What you are asked to do: A faithful copy of all the records is needed, with the pictures omitted.
---- Stored data
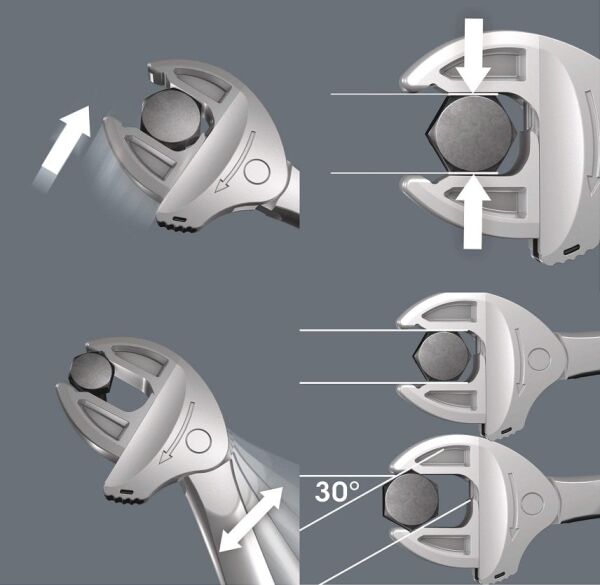 WERA 6004 Joker M Otomatik Kurbağacık 13-16 mm (05020103001)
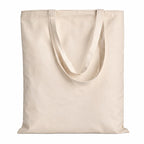 Reusable Cotton Canvas Tote Bag for Women & Men | Eco Friendly Grocery Shopping Bag | Durable Cloth Carry Bag with Long Handles | Multipurpose Shoulder Tote for Office Travel Beach Daily Use | Natural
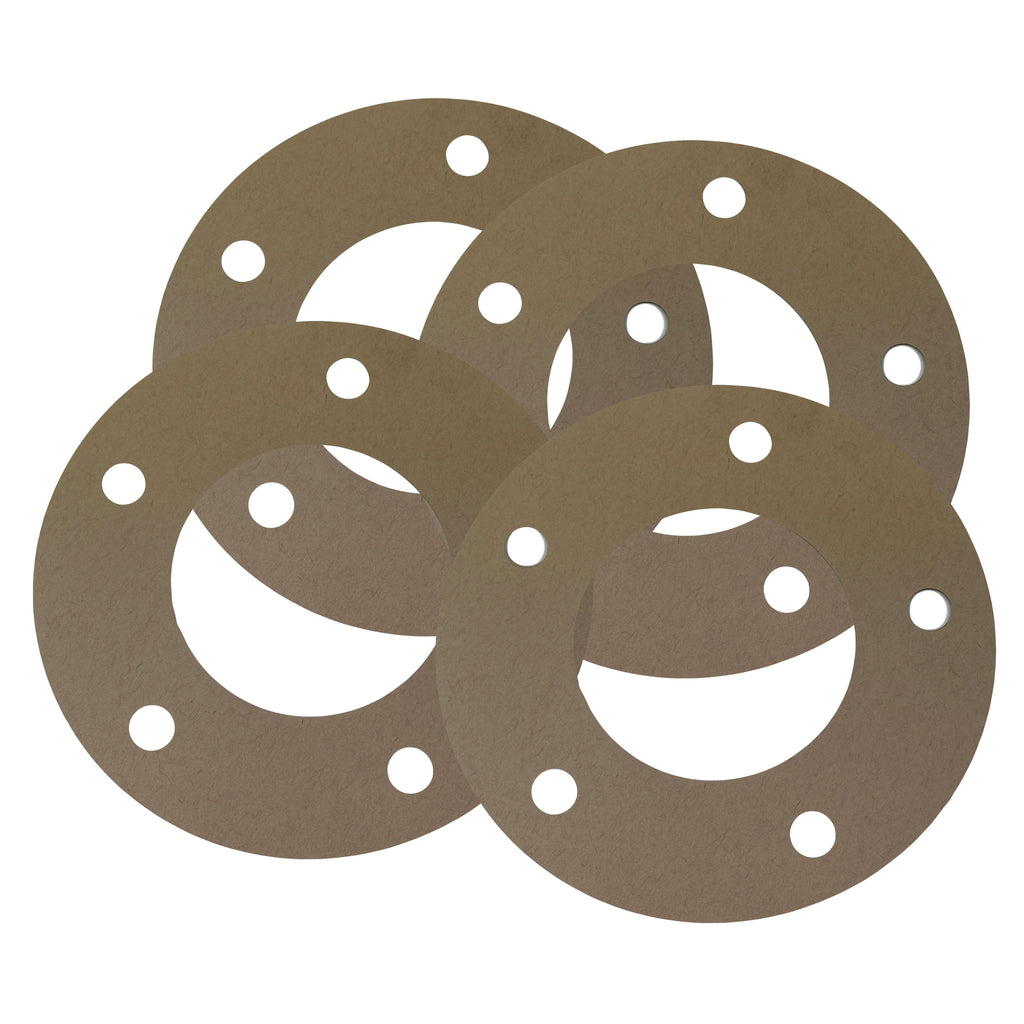 1955-87 GM Car Rim Protectors Gaskets Between The Wheel And Rotor Or Drum 4pc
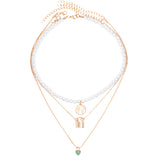 Women's Multilayer Gold Simple Letter Necklace – Jewelry Gift Ideas — 2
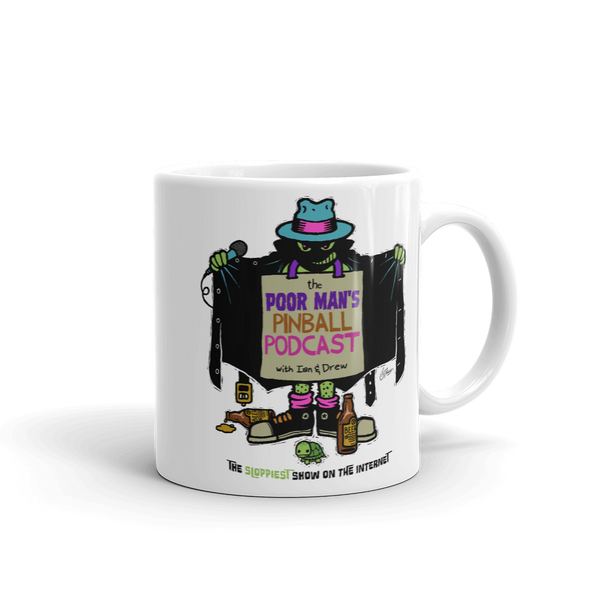 Poor Man's Pinball Podcast Franchi Design - Mug - Silverball Swag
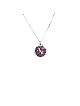External Contemporary Rounded Pendant , Sterling Silver Family Necklac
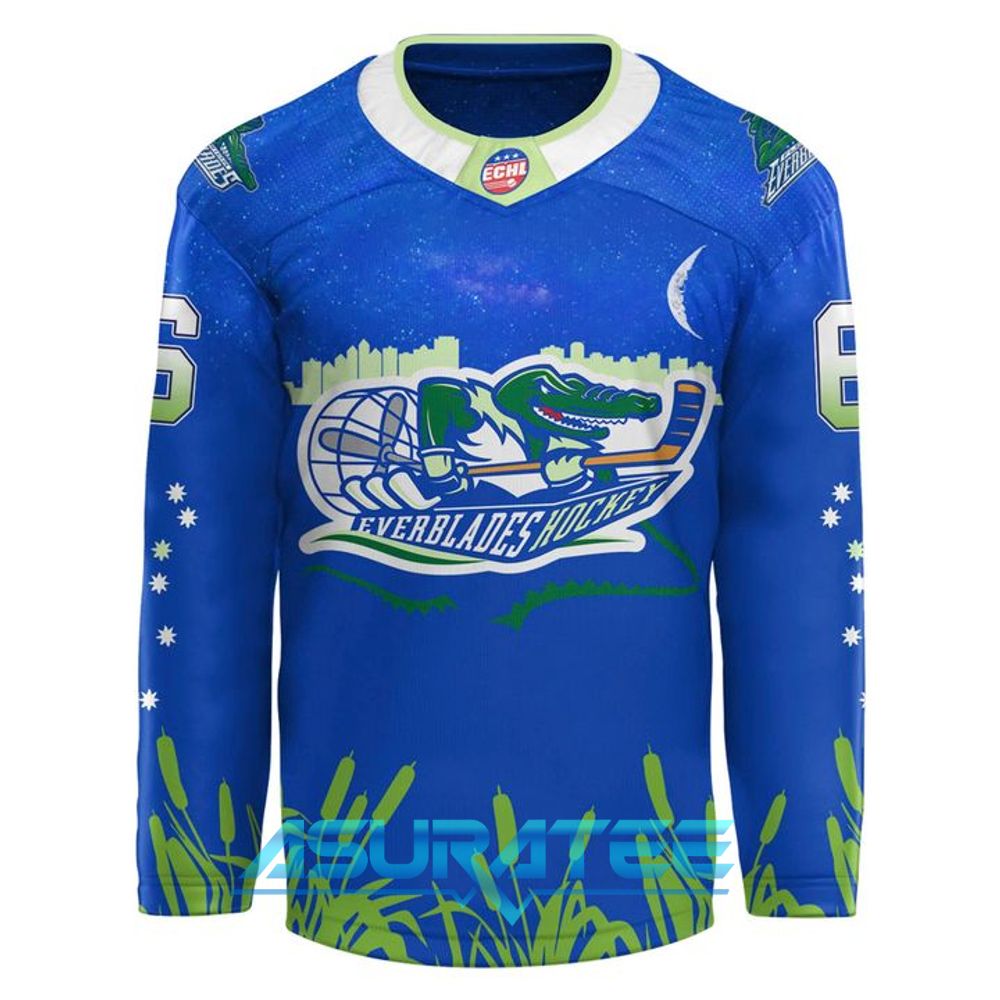 Florida Everblades x Jordan Sambrook Home 239 Hockey Jersey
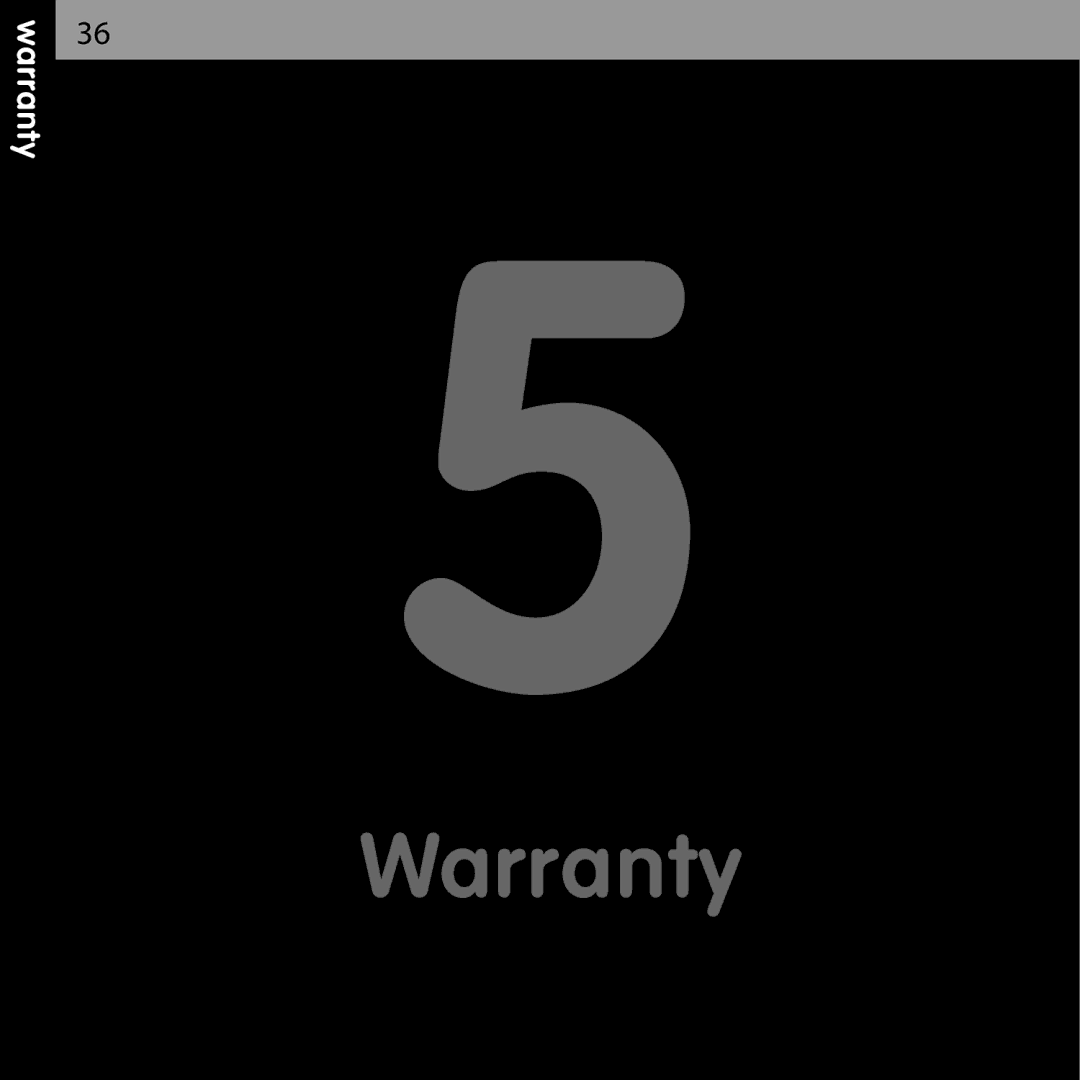 XM Satellite Radio XMCK-5P manual Warranty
--------
Completed exercise:
 WERA 6004 Joker M Otomatik Kurbağacık 13-16 mm (05020103001)
 Reusable Cotton Canvas Tote Bag for Women & Men | Eco Friendly Grocery Shopping Bag | Durable Cloth Carry Bag with Long Handles | Multipurpose Shoulder Tote for Office Travel Beach Daily Use | Natural
 1955-87 GM Car Rim Protectors Gaskets Between The Wheel And Rotor Or Drum 4pc
 Women's Multilayer Gold Simple Letter Necklace – Jewelry Gift Ideas — 2
 Poor Man's Pinball Podcast Franchi Design - Mug - Silverball Swag
External Contemporary Rounded Pendant , Sterling Silver Family Necklac
 Florida Everblades x Jordan Sambrook Home 239 Hockey Jersey
 XM Satellite Radio XMCK-5P manual Warranty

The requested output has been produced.